**DATA FOR THIS TASK:**
◆ ◆ ◆ ◆ ◆

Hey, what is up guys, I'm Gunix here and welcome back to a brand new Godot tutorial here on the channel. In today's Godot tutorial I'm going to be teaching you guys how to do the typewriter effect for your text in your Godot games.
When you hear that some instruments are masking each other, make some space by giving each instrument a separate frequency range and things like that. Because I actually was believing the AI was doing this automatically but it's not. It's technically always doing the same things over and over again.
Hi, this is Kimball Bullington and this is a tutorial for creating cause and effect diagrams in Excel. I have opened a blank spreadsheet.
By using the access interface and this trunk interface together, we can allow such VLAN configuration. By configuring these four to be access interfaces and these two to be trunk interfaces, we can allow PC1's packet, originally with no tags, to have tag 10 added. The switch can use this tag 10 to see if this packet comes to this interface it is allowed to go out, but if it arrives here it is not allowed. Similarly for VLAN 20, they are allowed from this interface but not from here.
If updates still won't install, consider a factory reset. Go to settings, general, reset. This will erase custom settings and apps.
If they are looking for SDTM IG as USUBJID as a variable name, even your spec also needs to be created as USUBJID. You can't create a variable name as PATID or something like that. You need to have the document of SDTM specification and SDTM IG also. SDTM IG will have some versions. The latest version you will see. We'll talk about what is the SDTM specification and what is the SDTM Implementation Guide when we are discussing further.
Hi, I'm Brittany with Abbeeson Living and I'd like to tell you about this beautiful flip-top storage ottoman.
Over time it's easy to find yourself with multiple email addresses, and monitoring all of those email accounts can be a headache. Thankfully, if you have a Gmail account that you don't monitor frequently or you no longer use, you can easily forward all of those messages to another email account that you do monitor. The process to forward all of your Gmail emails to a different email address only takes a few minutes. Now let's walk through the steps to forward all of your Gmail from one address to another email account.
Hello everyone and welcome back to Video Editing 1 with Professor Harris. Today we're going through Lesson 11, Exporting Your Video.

◆ ◆ ◆ ◆ ◆

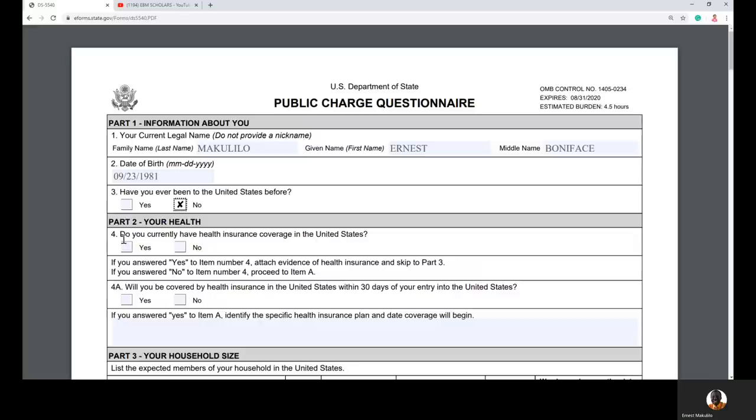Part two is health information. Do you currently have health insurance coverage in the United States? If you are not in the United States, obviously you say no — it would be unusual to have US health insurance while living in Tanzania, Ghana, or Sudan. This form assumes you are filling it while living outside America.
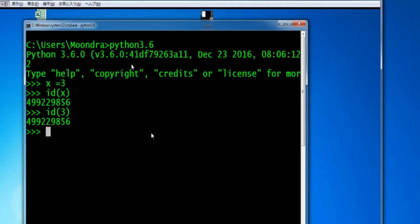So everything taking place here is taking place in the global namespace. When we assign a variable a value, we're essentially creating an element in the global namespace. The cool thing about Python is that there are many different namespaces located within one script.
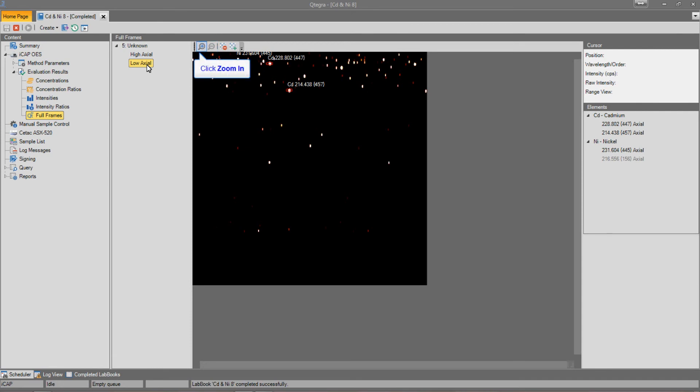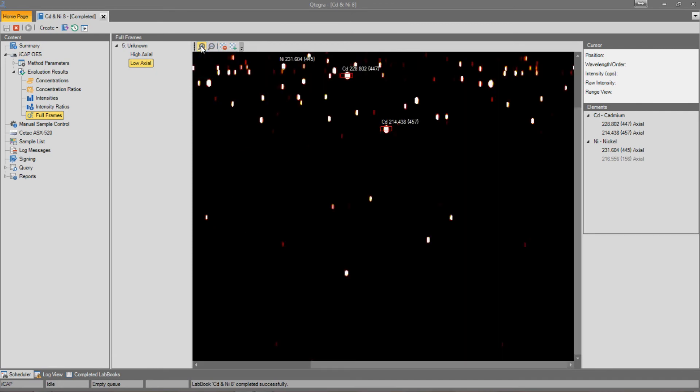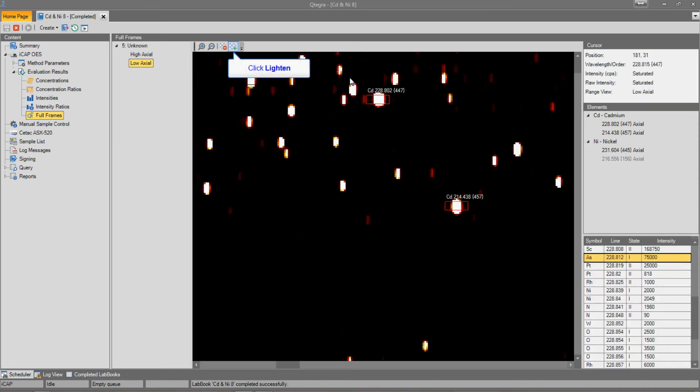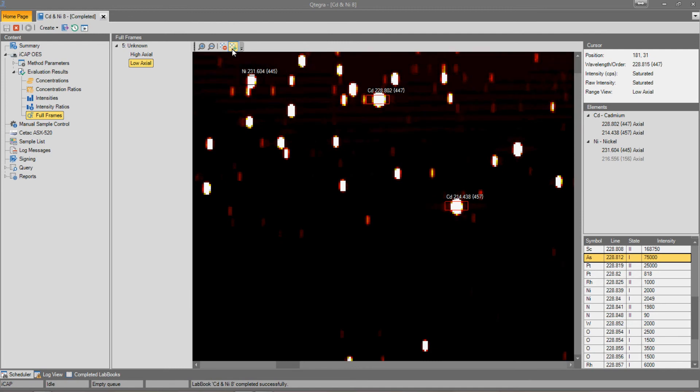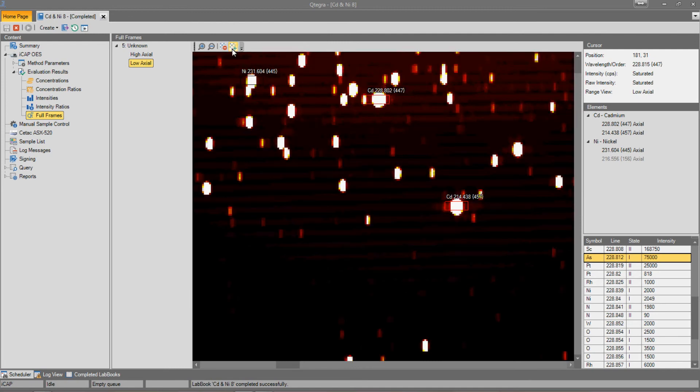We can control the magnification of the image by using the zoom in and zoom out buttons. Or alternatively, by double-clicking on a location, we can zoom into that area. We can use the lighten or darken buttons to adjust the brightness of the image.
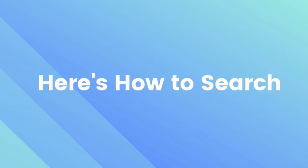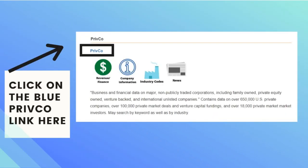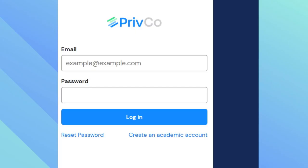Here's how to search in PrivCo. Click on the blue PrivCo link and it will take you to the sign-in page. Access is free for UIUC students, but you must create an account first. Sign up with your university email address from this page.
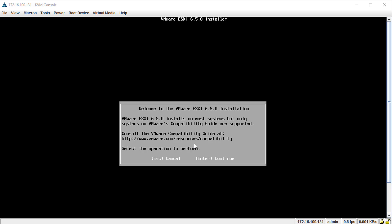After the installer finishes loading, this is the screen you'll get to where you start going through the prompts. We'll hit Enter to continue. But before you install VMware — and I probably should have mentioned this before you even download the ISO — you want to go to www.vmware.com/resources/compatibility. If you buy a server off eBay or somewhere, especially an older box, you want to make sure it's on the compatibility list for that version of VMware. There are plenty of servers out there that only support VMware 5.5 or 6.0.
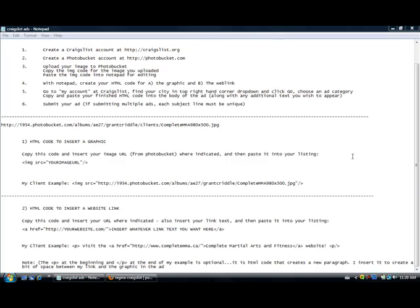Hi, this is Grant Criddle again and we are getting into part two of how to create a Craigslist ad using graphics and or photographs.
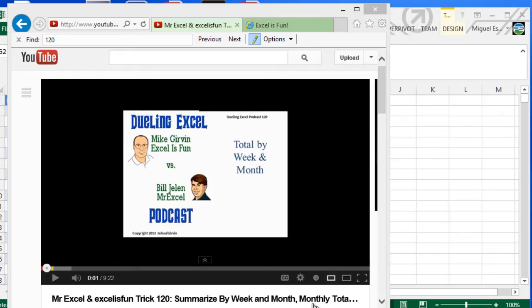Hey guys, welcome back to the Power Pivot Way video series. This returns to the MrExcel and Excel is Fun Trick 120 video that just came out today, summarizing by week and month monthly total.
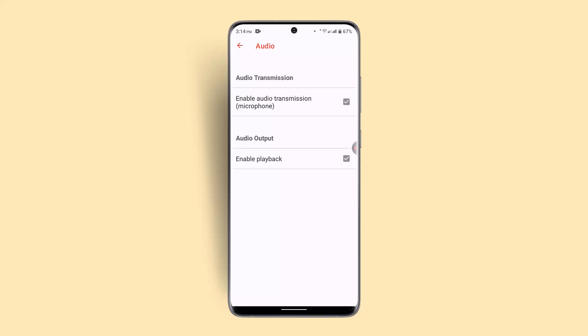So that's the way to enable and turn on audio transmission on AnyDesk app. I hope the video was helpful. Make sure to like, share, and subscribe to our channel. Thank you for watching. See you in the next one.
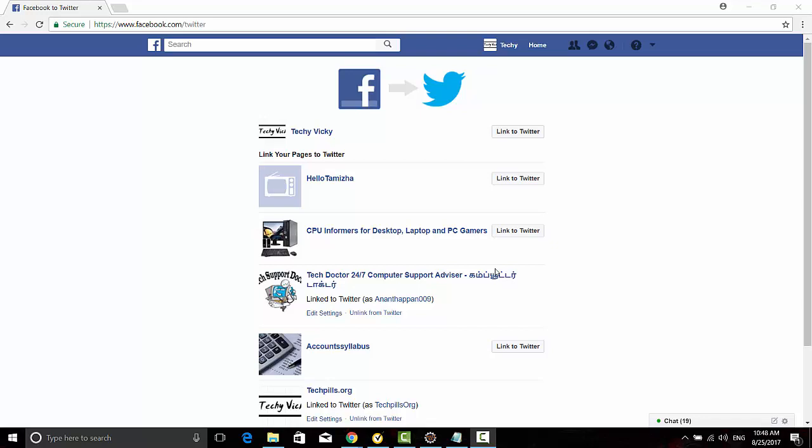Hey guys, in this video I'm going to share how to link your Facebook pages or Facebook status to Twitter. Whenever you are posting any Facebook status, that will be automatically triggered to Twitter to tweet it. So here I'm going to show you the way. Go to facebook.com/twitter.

◆ ◆ ◆ ◆ ◆

**PROBLEM TO WORK ON:**
Both boundary lines included, write out word for word only the lines above from the one containing "So that's the" to the one containing "Hey guys, in", leaving out any pictures.

**THE COMPLETED TASK:**
So that's the way to enable and turn on audio transmission on AnyDesk app. I hope the video was helpful. Make sure to like, share, and subscribe to our channel. Thank you for watching. See you in the next one.
Hey guys, in this video I'm going to share how to link your Facebook pages or Facebook status to Twitter. Whenever you are posting any Facebook status, that will be automatically triggered to Twitter to tweet it. So here I'm going to show you the way. Go to facebook.com/twitter.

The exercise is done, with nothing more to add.